Hey everyone! So I am just a day away from flying to Orlando, FL to spend a week on vacation with my beloved family in Disney World! I can’t even begin to tell you how excited I am for this opportunity! We’ll be taking up late tomorrow morning, so please keep us in your prayers. Before leaving however, I just wanted to leave you with a little thought. This reflection on Reconciliation will also be featured on another website, http://www.youcatholic.com/, next week. I have been invited to become a blogger for this site, which is dedicated to bringing the catechism to young people in a manner which they will be able to understand and will embrace. I’ll be posting once every four weeks, but once the blog is up and running on the website (which will happen next week), you can visit the website everyday for catechism lessons and reflections on the various tenants of our faith. I hope you enjoy! And now, for my departing word…
I want you to think back to your first Reconciliation for a minute. Do you remember how you felt the moment just before you went into the confessional for the first time? Do you remember how you felt after it was over? If you haven’t received this sacrament, or if you don’t remember your first time because it’s been a while, I’ll tell you a little bit about my own first experience. I was eight years old, and I had spent the past few months preparing for this momentous occasion with the rest of my second-grade class. We had gone over the rudimentary theology behind the sacrament of Reconciliation in our religion class, and we had reviewed the logistics of going to confession during our preparatory retreat. I remember feeling excited, but also a little anxious. I don’t recall precisely what I confessed that evening, but I wasn’t confessing anything life-altering or unique for someone my age. My first Reconciliation probably went something a little like this: “Bless me, Father, for I have sinned. I hit my brother, argued with my sister, and I didn’t set the table like my mom asked me last week.” My life back then was simple, uncomplicated, and largely devoid of temptation. And yet even at the age of eight, I understood what it meant to sin and to be in need of forgiveness. Yes, I was nervous to tell my sins to the priest, but that particular feeling was overshadowed by an overwhelming desire for a clean slate, a fresh start, a do-over, so to speak. I had been told that Reconciliation would be like washing dirty clothing, except for with my soul, and I really wanted my soul to be as white as wool. But more than anything from that night, I remember how I felt after I left the confessional. It was like I was floating, like my soul was as light as air. I was giddy with joy, and I easily could have broken into laughter at the slightest provocation. It was an incredible feeling that I had never experienced before, and I can’t say I’ve experienced anything comparable since. I’ve had plenty of reasons to be happy throughout my life, but there is nothing quite like the sensation of spiritual weightlessness and pure joy that comes with a well-made confession.

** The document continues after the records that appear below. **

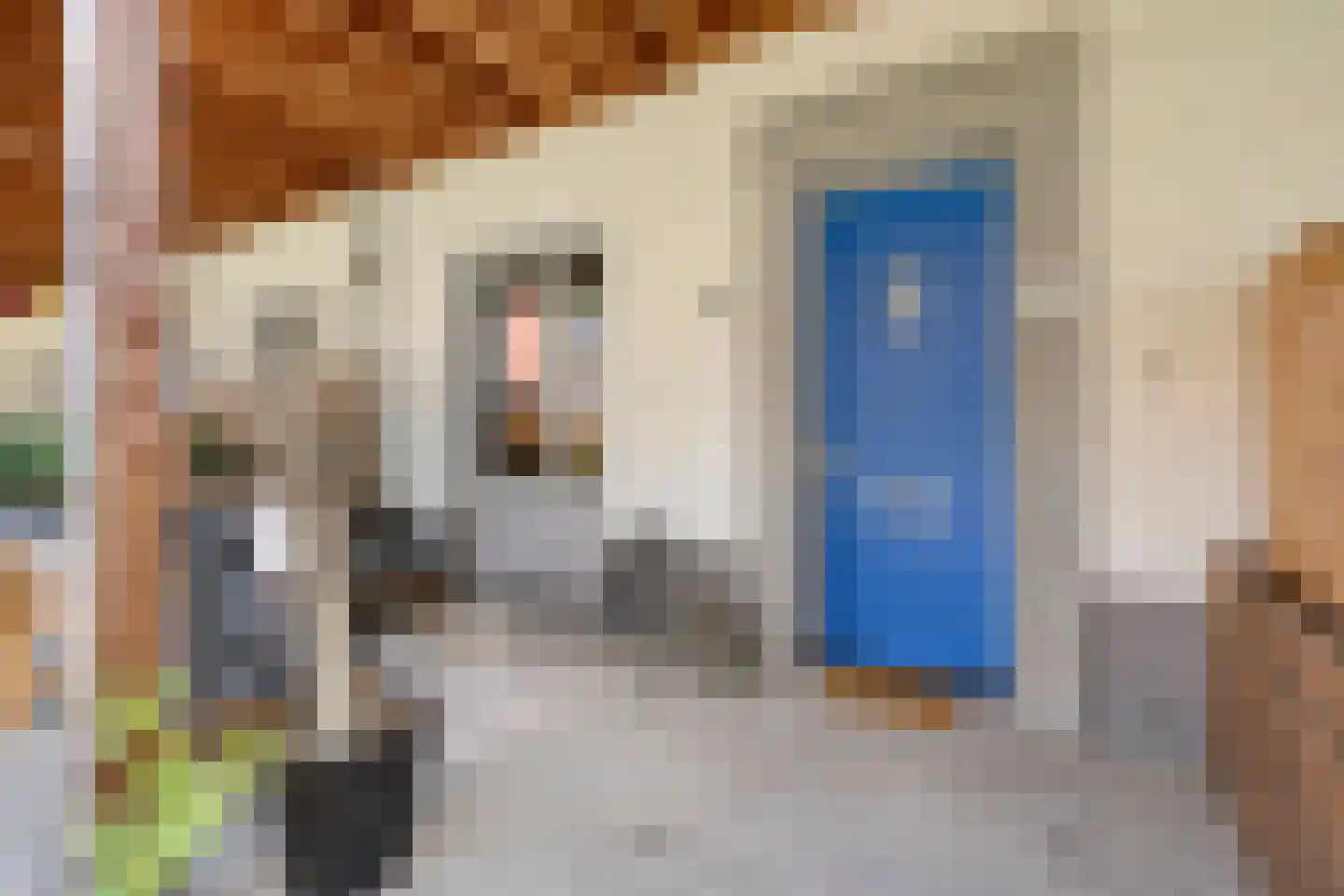 Fenixhof 20 A Zwolle thumbnail 36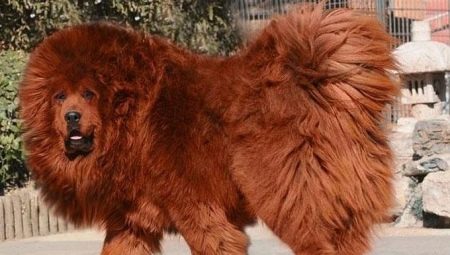 Tibetan Mastiff: breed characteristics, secrets of education and care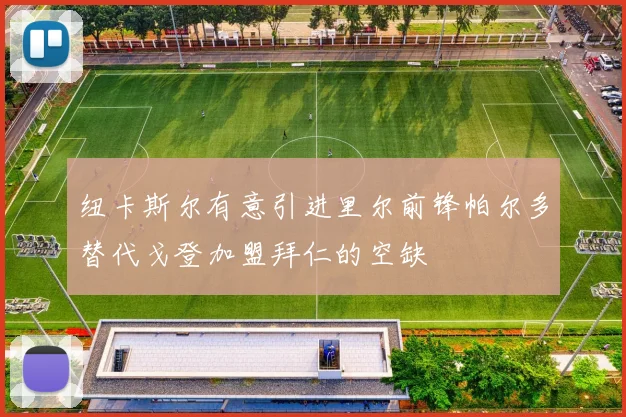 纽卡斯尔有意引进里尔前锋帕尔多替代戈登加盟拜仁的空缺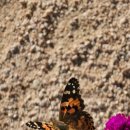 김해가야테마파크 어드벤처내화장실 | [경남/김해] 김해가야테마파크 방문후기(어드벤처, 도자체험)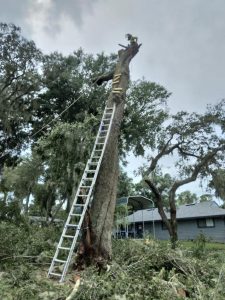 A worker uses a ladder to cut down a tree, showcasing the process of tree removal in a natural setting.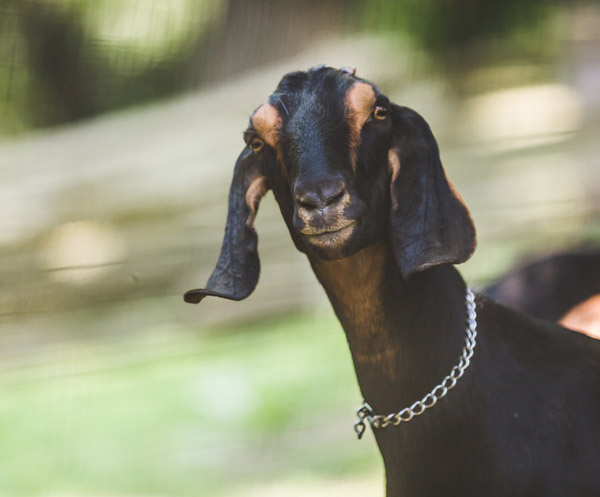 El yoga con animales pueden ser una experiencia deliciosa y divertida.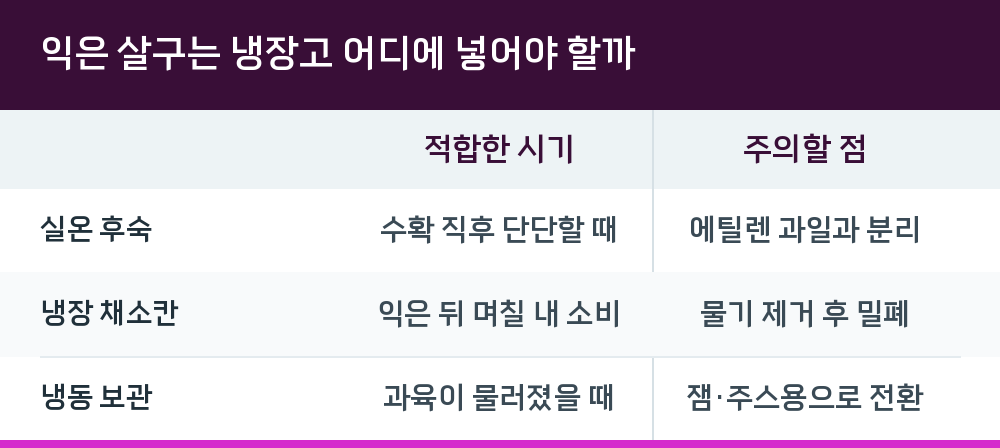 익은 살구는 냉장고 어디에 넣어야 할까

That was my first experience of Reconciliation, and over the years, things have certainly changed. I’ve grown older and (presumably) wiser, I’ve become more deeply immersed in the world, with all of its temptations, and I, like many other men and women my age, have moved past the days when the worst sin that I had to confess was not setting the table for dinner. I also have to admit that it’s rare that I feel as though I am walking on air after receiving Reconciliation. That giddiness seems like a dream, a memory of a past that I no longer can reach. In recent years, I come out of the confessional feeling much the same as when I walked in, which leaves me wondering, what happened?

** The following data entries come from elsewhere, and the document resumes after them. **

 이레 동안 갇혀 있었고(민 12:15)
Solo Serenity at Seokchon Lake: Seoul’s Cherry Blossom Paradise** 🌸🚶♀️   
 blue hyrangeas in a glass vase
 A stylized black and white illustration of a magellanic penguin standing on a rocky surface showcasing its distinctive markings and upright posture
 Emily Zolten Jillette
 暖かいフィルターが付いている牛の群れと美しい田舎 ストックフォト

Granted, the sacraments are not ultimately about how we feel. The graces are flowing regardless of whether or not I feel like I’m floating because of my current sinless state of existence. But it’s still a worthwhile question to consider. What has changed? I think that there are numerous dimensions to this dilemma: teens tend to be more worried about what other people, including their confessors, might think of them, and our confessions are generally not a matter of telling the priest how many times we yelled at our sister (though that still might be part of our confessions). Those factors definitely make going to confession harder than it might have once been, but I think the problem runs deeper than that. I think it’s more fundamentally about our relationship with God. Children believe. They don’t doubt that God can forgive everything. It doesn’t occur to them that there might be a sin that is just too awful to be forgiven. Teens and adults tend to doubt. We believe that God is forgiving, but that we are beyond the range of even His forgiveness. We cannot forgive ourselves, and so it seems impossible that God should forgive us either. When we were children, our world was small, and God was big. When we began to get older, God stayed the same, but the world seemed to get larger. Our sins became larger, and at some point, they ceased to be forgivable in our minds. It was simply too much to ask, even of God. We need to return to that childlike state of mind that we all once had, where the fount of mercy and forgiveness is endless. Where the world can be big because we know that God is bigger. Where our sins can be many because God’s graces are innumerable. We need to recover a childlike faith if we ever want to recover that spiritual weightlessness and joy that so many of us remember so fondly. If we can bring ourselves to really let go of our sins, we can take hold of God’s hand and learn to not just float, but fly.
Mary Help of Christians, pray for us!